The British & Irish Association of Fastener Distributors (BIAFD) has issued an update on the continuing container crisis:
The global crisis in freight container availability, and consequence massive escalation in sea freight costs, made mainstream headlines in December – as parents worried there would be no Barbie dolls or Peppa Pig toys in stock for Christmas. A month on, the decorations are down, but the fastener supply chain continues to struggle with the severe impacts on product availability and costs, with little outlook for rapid improvement.
At the beginning of December, the BIAFD warned that the shortage of shipping containers at major global export ports was seriously impacting fastener availability in the UK and Ireland, forcing up container freight costs three-fold.
The situation in January is significantly worse. The problem is global, and not directly related to the UK leaving the EU. That said, issues at Felixstowe Port, which knocked onto other UK ports, have exacerbated an already critical situation. The escalation of Covid-19 infections in the UK now also means shipping lines continue to avoid British ports, preferring to off-load in Northern European, adding a further two weeks before goods are received in the UK.
The latest picture from BIAFD importing members show Asia-North Europe container freight costs have continued to rapidly escalate: pushing them five times – in some instances even more - higher than mid 2020. For a container of some standard fasteners with a low value per weight, that could easily mean the freight cost now equating to a third of the value of the consignment. As a result, some BIAFD members have reluctantly decided they simply cannot afford to bring in product, even though current inventory is rapidly eroding to support increased demand from construction and manufacturing. Most fastener importers, however, are competing against high value consumer goods for scarce containers and being forced to pay massive premiums. Insult is added to injury, when they are then presented with additional charges of several hundred dollars, to ensure a container is collected in time to be loaded for its sailing.

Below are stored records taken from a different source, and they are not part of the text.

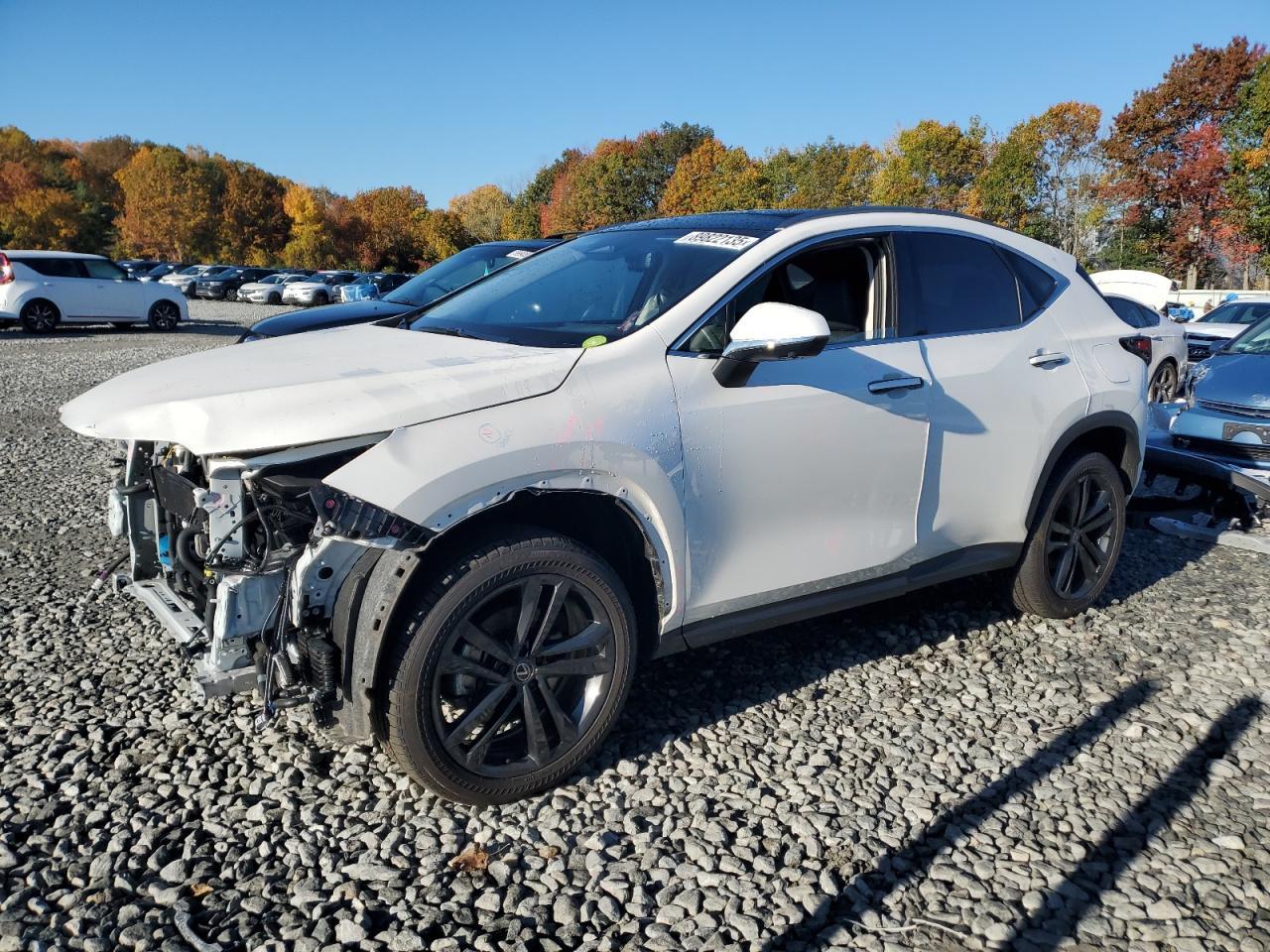 2025 LEXUS Nx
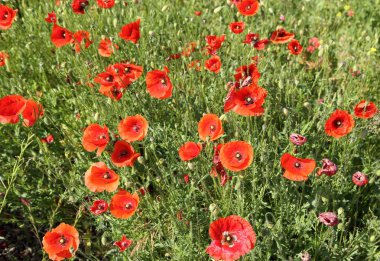 Çayır haşhaş çiçeklenir. Güzel yaz manzara.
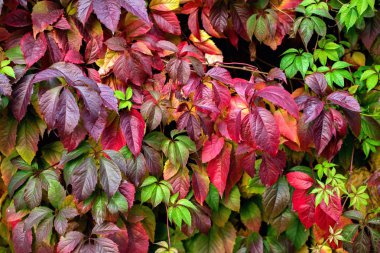 Bir duvar, arka plan üzerinde kırmızı sonbahar yaprakları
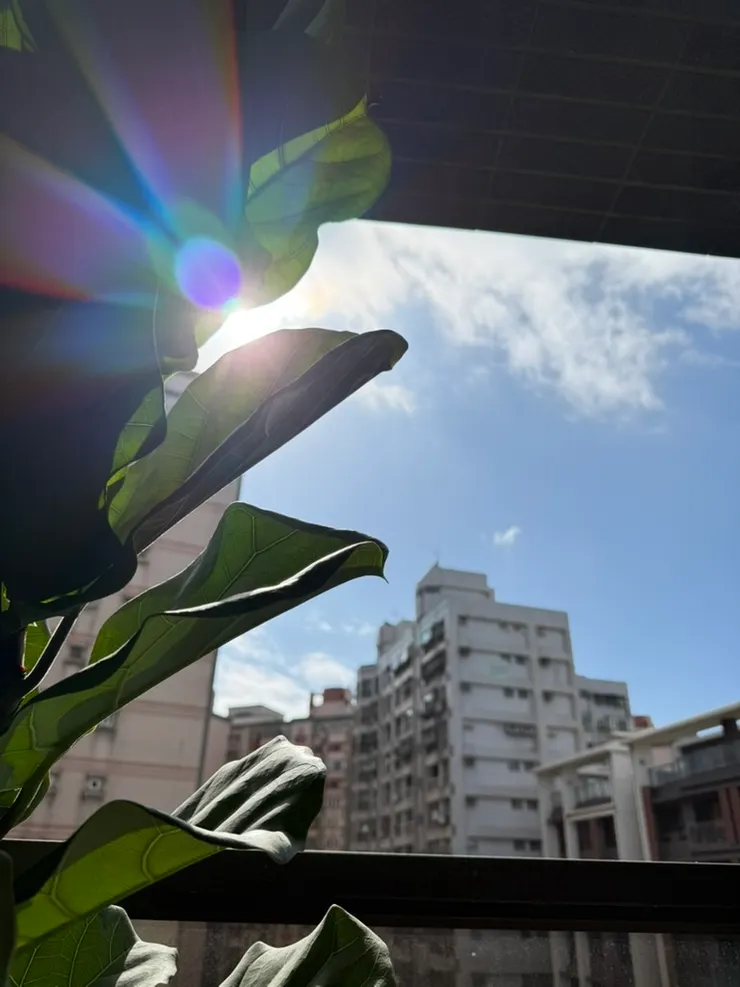 ☀️&nbsp;當陽光穿透樹葉，也讓我們看見自己內在的光。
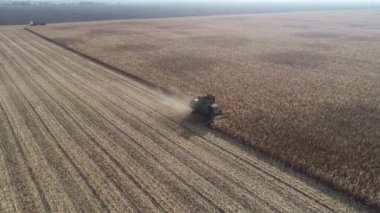 Tarlada mısır toplayan bir hasatçının hava görüntüsü. Zirai makinelerle 4k video görüntüsü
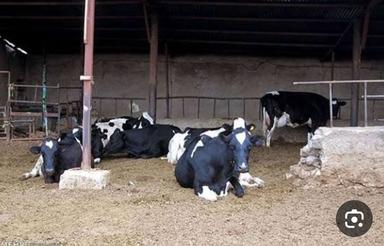 فروش یک عد دامداری در ابتدای جاده یزدی مجتمع دامپروری جهاد گ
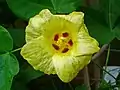 Gossypium herbaceumの花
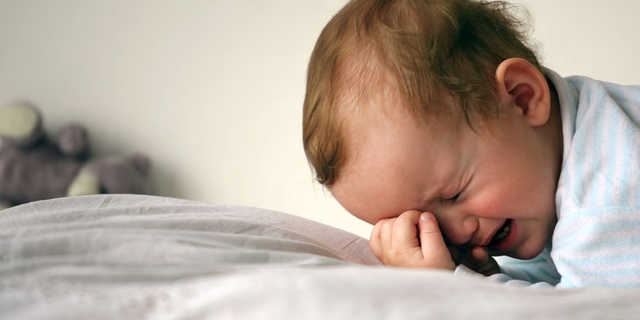 Появилось фото женщины, выбросившей чужого ребенка из окна многоэтажки в Запорожье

There are signs of limited improvement in container availability in key Asian exporting ports, as shipping lines actively reposition empty containers and container manufacturers work all out to supply new boxes. However, container availability remains substantially in deficit with little immediate prospect of major improvement, and now the Chinese New Year is rapidly approaching. The most important Chinese holiday period, this year in mid-February, always means a surge of export activity ahead of factory closures, increasing pressure on extremely limited container capacity, followed by several weeks of catch up, once factory, haulage and port operations return to work. As early as the second week in January, BIAFD importers were being told by freight agents that there was no possibility of their containers being shipped before the Chinese New Year.
Governments around the world may be losing patience with the apparently out of control shipping rates and supplementary charges. However, threats of capping
shipping costs or competition authority investigations are currently doing little more than shaving the very tip of the iceberg.
BIAFD currently sees little probability of significant improvement, either in availability or freight costs, until well into the second quarter 2021. Its members’ highest priority is to maintain the best possible availability for critical manufacturing and construction supply chains. That inevitably means fastener costs will increase significantly, as at least some element of the massive hikes in freight costs are unavoidably passed on, alongside the impact of major increases in steel and stainless steel raw material costs.